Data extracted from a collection
================================
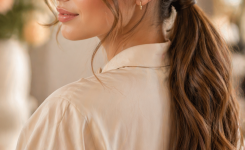 Platz 1 Der lockere Low Ponytail mit Stil
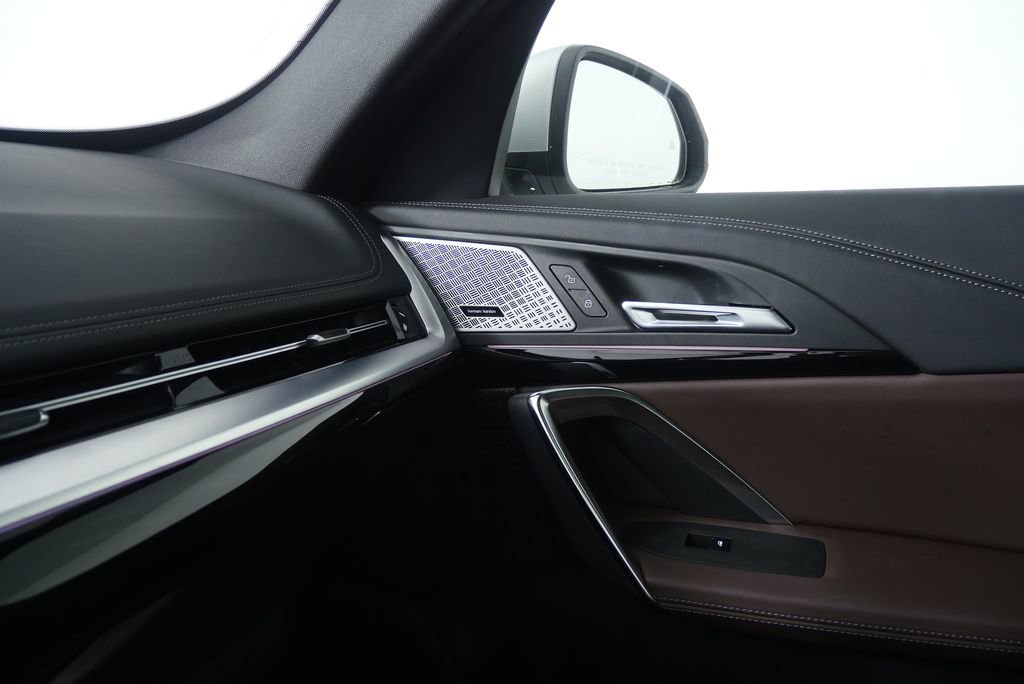 Used 2023 BMW X1 xDrive28i w/ Premium Package image 27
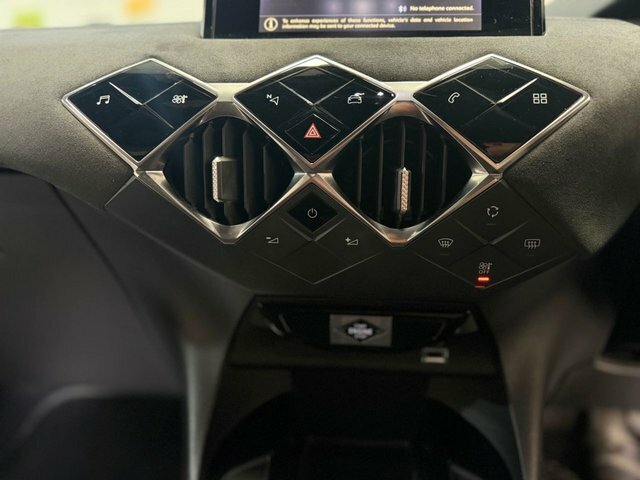 DS DS 3 Crossback 1.2 Puretech La Premiere Crossback Eat8 Euro 6 S Black #25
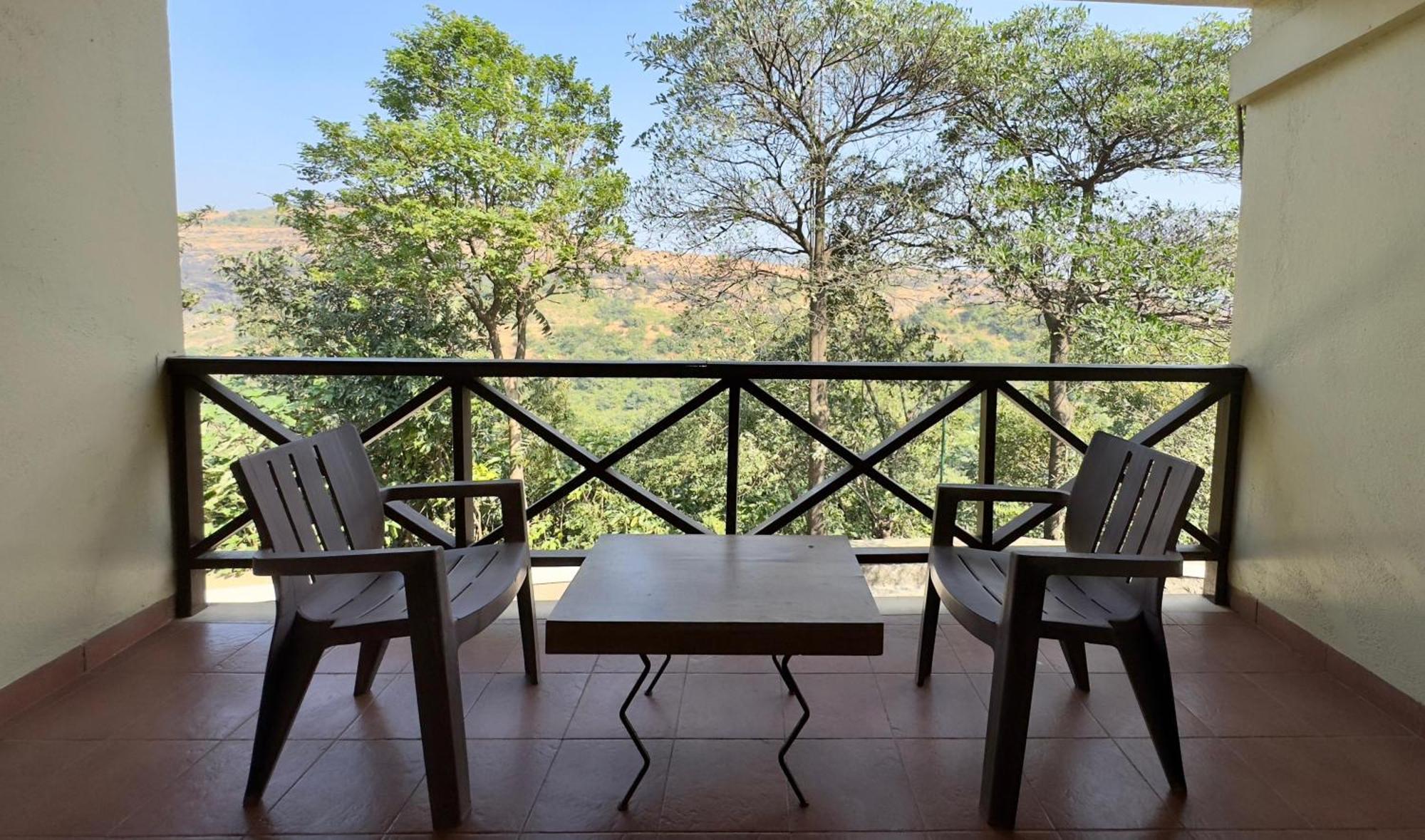 Upper Deck Resort - Stay And Relax At The Highest Peak Лонавла Екстер'єр фото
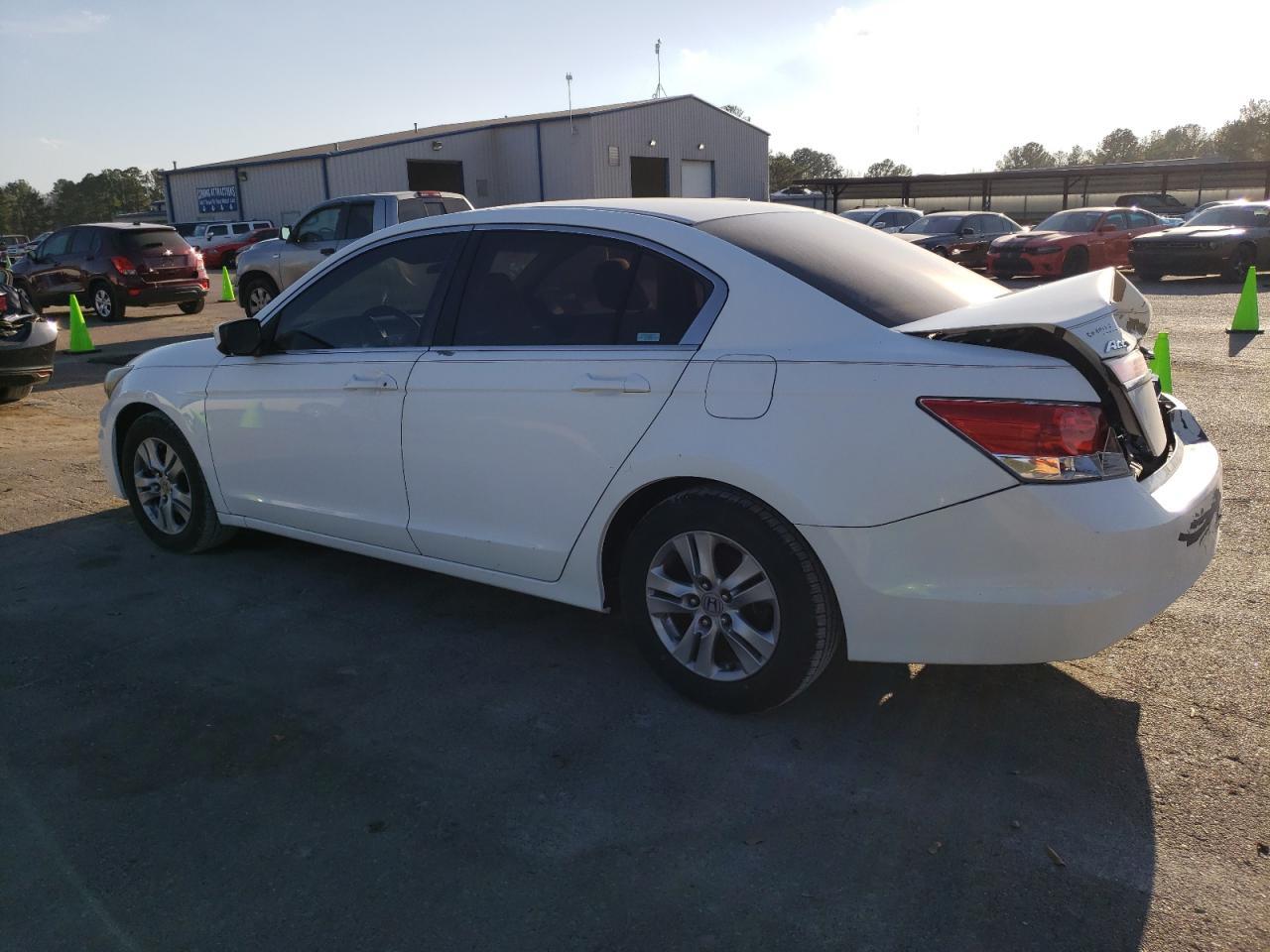2011 HONDA ACCORD LXP - Image 2
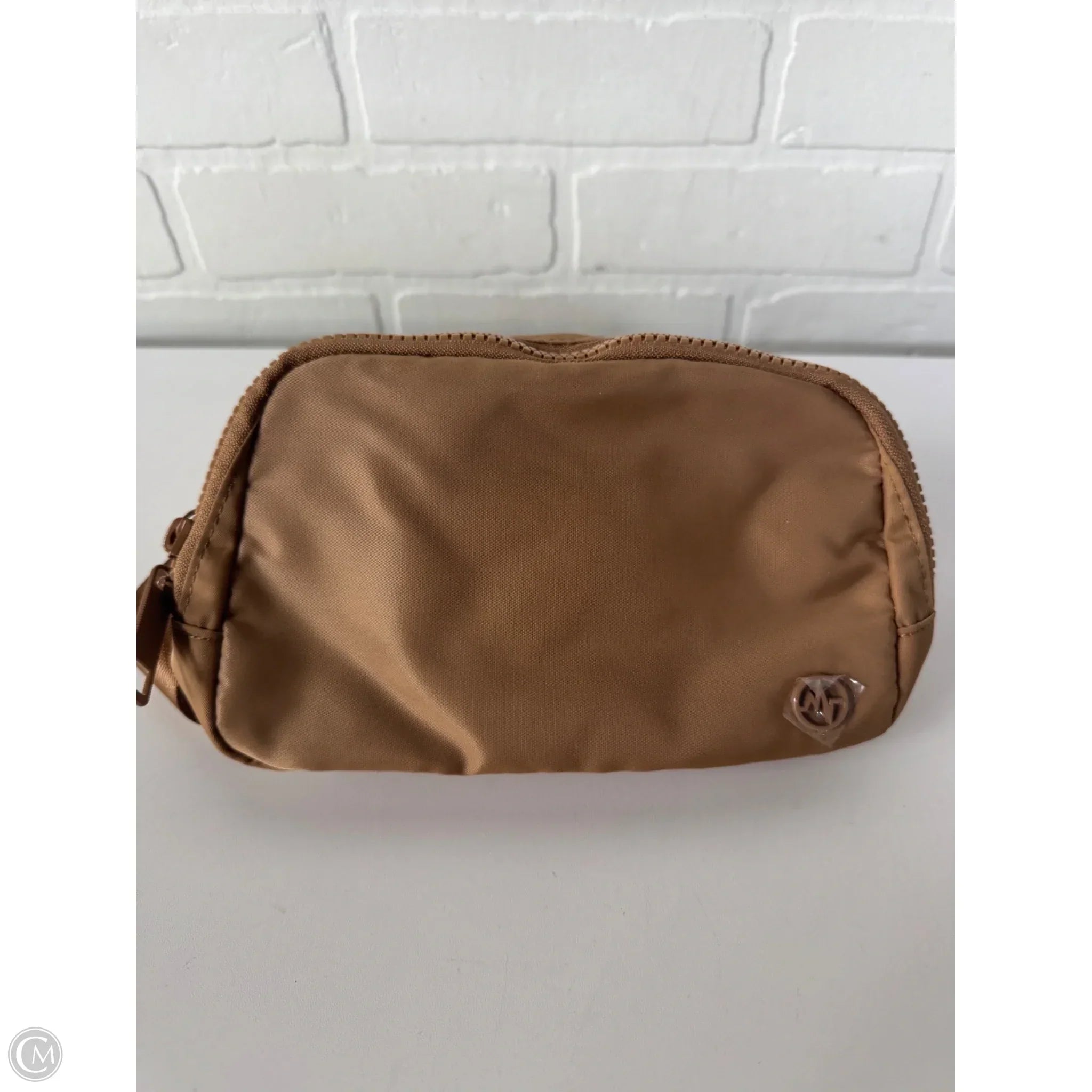 Belt Bag By Clothes Mentor, Size: Small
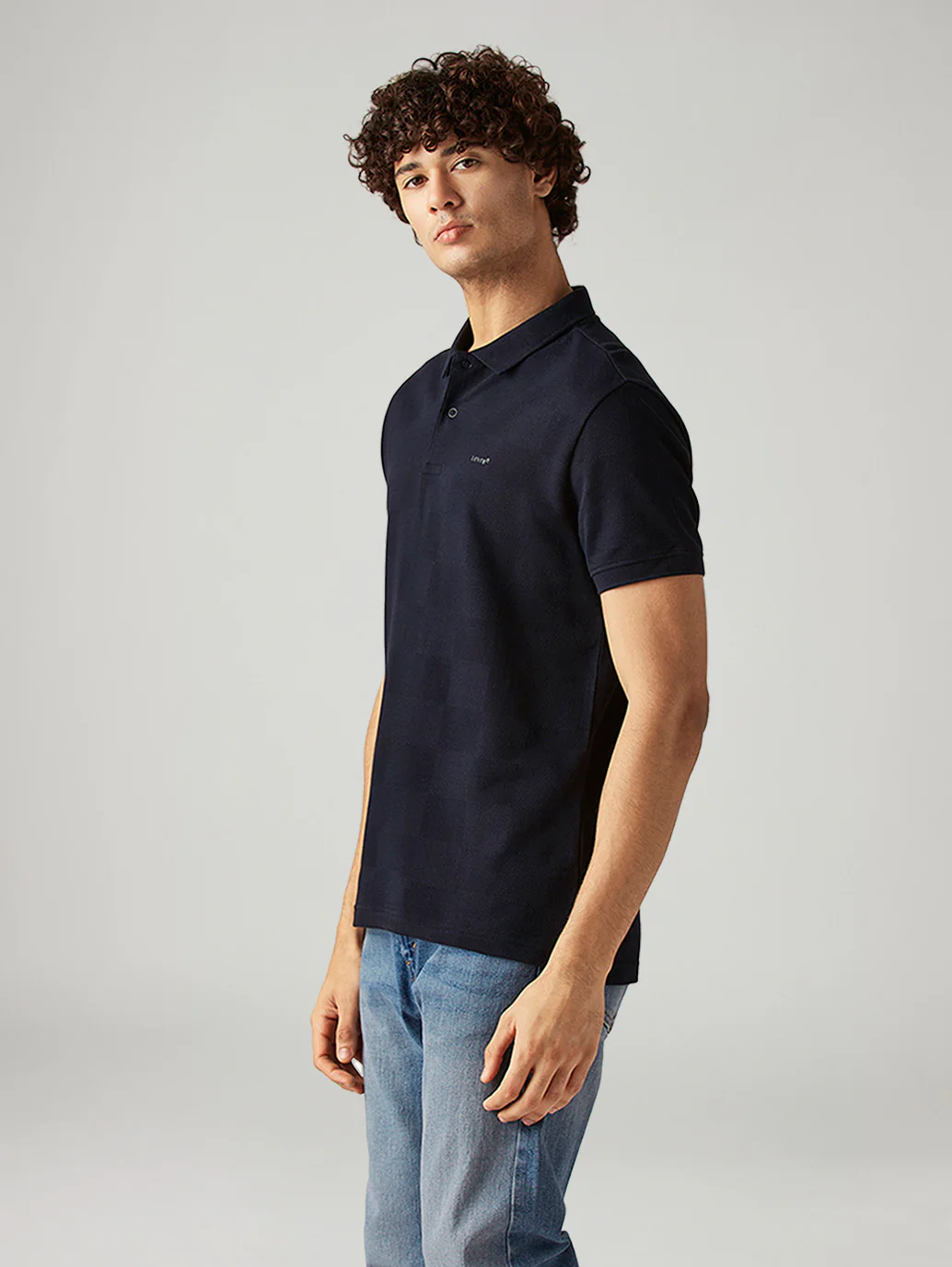 Men's Solid Slim Fit Textured T-Shirt - Image 5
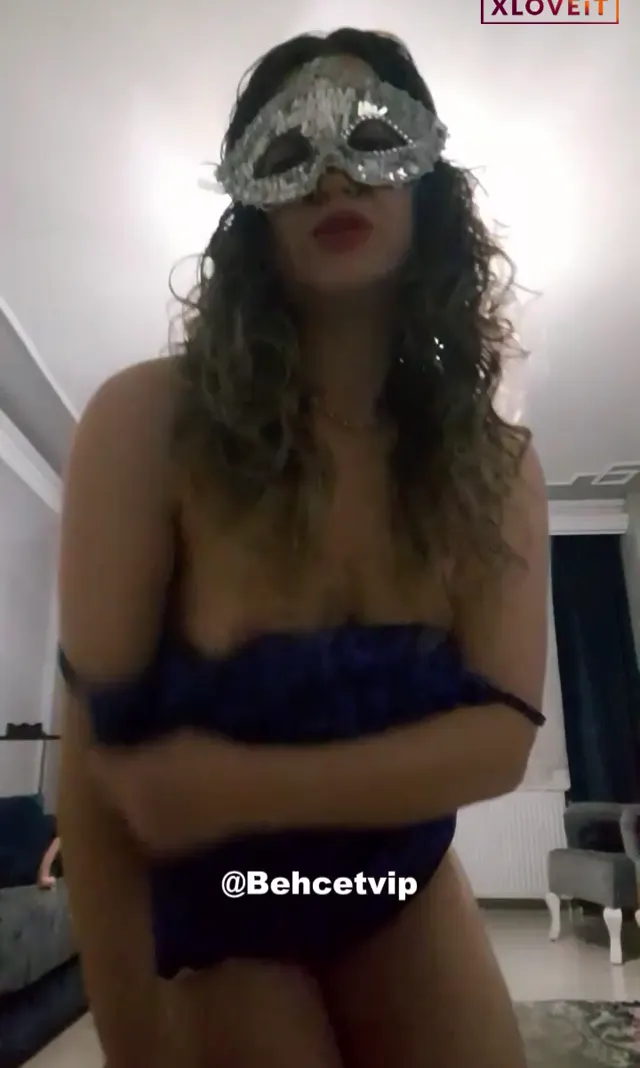 Ateşli Deren ifşa Nude yayın videosu — Canlı Yayınlar · sahne 2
================================
**AIM OF THE TASK:** Your answer must be an exact transcription of the records above, minus the pictures.

**COMPLETED EXERCISE:**
 Platz 1 Der lockere Low Ponytail mit Stil
 Used 2023 BMW X1 xDrive28i w/ Premium Package image 27
 DS DS 3 Crossback 1.2 Puretech La Premiere Crossback Eat8 Euro 6 S Black #25
 Upper Deck Resort - Stay And Relax At The Highest Peak Лонавла Екстер'єр фото
2011 HONDA ACCORD LXP - Image 2
 Belt Bag By Clothes Mentor, Size: Small
 Men's Solid Slim Fit Textured T-Shirt - Image 5
 Ateşli Deren ifşa Nude yayın videosu — Canlı Yayınlar · sahne 2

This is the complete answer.